However, Emperor Xianfeng died in 1861 at the age of 30. His primary wife, Cixi's cousin Ci An, had a daughter, but no sons. Therefore Cixi's five year old son Tongzhi became the emperor. From then her greed for power became insatiable and finally in 1865 she seized the throne, removing another faction from the helm of politics. She was a strong ruler and put down the rebellions which endlessly threatened her. During her years in power, the Western nations gained great influence in China. Many people thought that the best way to stop the outsiders from taking over completely was to strengthen China with modern inventions like trains and telegraphs. However, Empress Cixi and her advisors were conservative and resisted these changes.

The empress usually put her own interests ahead of the nation's. She squandered money on banquets, jewels, and other luxuries. She liked, for example, to be served 150 different dishes at a single banquet. She drank from a jade cup and ate with golden chopsticks. She used Navy funds to build herself a lavish summer palace. At the end of her life, her personal jewellery vault held 3,000 ebony boxes of jewels. She also let financial corruption run rampant in the Forbidden City.

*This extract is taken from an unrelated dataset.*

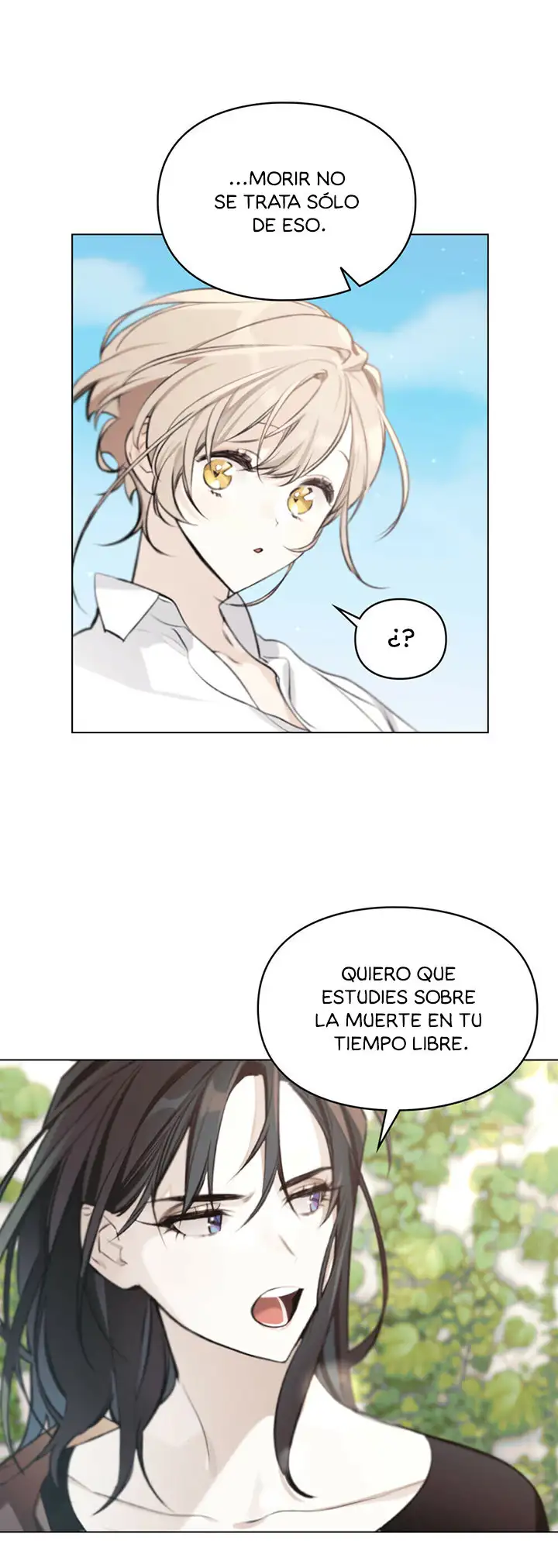 La razon por la que vives - Capítulo 3 - Página 26 - LectorTMOo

Her son, Tongzhi, by the age of 15 was drinking heavily and consorting with female prostitutes. At the age of 16, he married Alute (Xiao Che), the daughter of a Manchu nobleman. Cixi is said to have been fearful that Alute would undermine her authority over Tongzhi. In order to prevent this and to keep Tongzhi busy so that she could continue to rule in his son's name, she allegedly encouraged her son to keep concubines. Eventually the young emperor contracted smallpox. After a seeming recovery, he suddenly died - possibly from venereal disease. Soon after her husband's death, Alute committed suicide by swallowing opium. It was rumoured that Cixi had driven her to it. Whatever the reason, Tongzhi had died and left no child to inherit the throne. Determined to maintain her power, Empress Cixi chose the new emperor - her own nephew - Guangxu, aged three years old, and who was not in direct line of succession to the throne.

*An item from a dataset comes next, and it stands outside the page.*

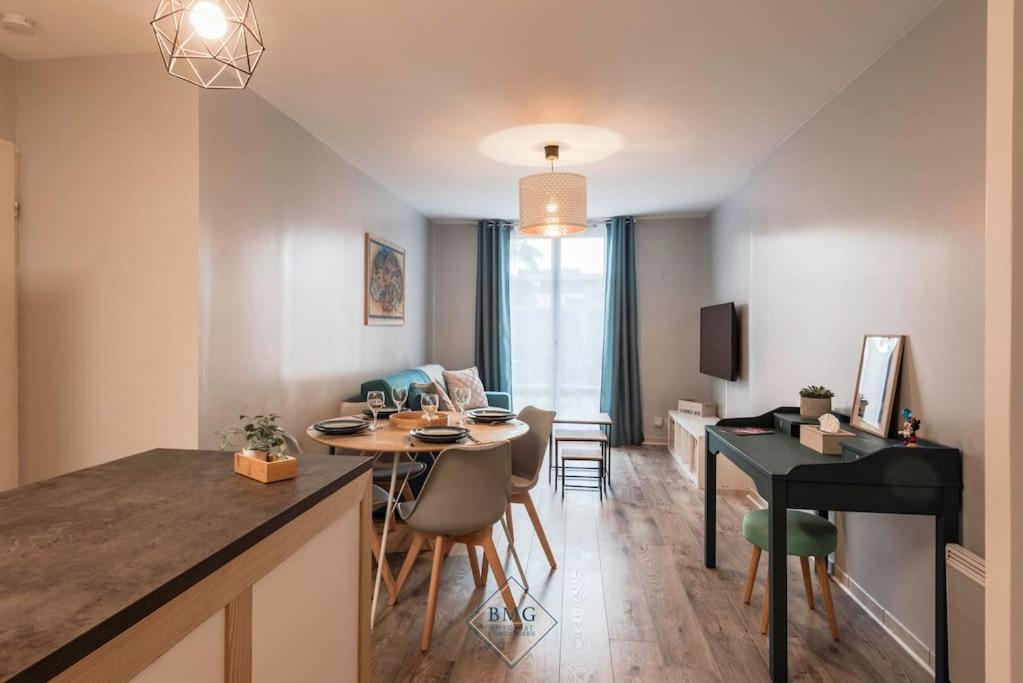 Toy Story Apartment Disneyland Bmyguest Chessy  Exteriér fotografie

When he turned 17 in 1889, Cixi surrendered her power to him, in theory. She retired to her summer palace, six miles away from the Forbidden City. From there she spread rumours that the emperor was childlike and incompetent. 

The young emperor did have a mind of his own and he started listening to people who, unlike Cixi, were in favour of westernizing China. In 1889, the emperor Guangxu, initiated his famous 'Hundred Days of Reform'. He issued decrees ordering the building of railroads; the modernisation of the military; reform of the legal system, and so forth. He also dismissed hundreds of Manchu officials who opposed his reforms. Cixi was outraged by these changes; she cleverly bided her time and allowed the emperor to make enemies among the Manchu elite.

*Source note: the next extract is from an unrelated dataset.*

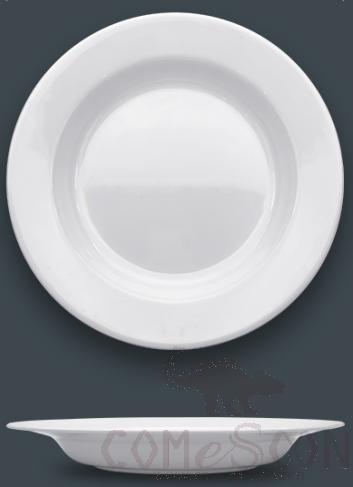 Melamine Flat Plate 10 inch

Cixi put an end to the Guangxu Emperor policies for modernisation.

We had emperors and a woman emperor who were open minded but not during that time. It was much earlier on in history, during the Tang Dynasty.

So you see, if our Tang dynasty was in the same period as the Japanese Meiji era, the history would be extremely different today. Japanese are only more westernized than Chinese because the open minded rulers were right there at the right time.

----------


## Maciamo

> No one can clearly define civilisation or built walls between each one of them. 
> 
> There is significant different between East&West also South&North in Europe. Those are just samples. Borders are not like a line, but people should be dump to not feel it.


There are as much differences between Northern vs Southern Europe as between Western vs Eastern Europe. It all boils down to the ethnic and historic divides between Germanic, Latin/Celtic and Balto-Slavic countries. Even religious divides of the Renaissance follow those ethnic lines.






> As I said, I don't take Renaissance. Of course it effected Enlightenment. But all history is a chain. Why I would take in Renaissance but I would take out events which are the reason of Renaissance? There is no end in this logic.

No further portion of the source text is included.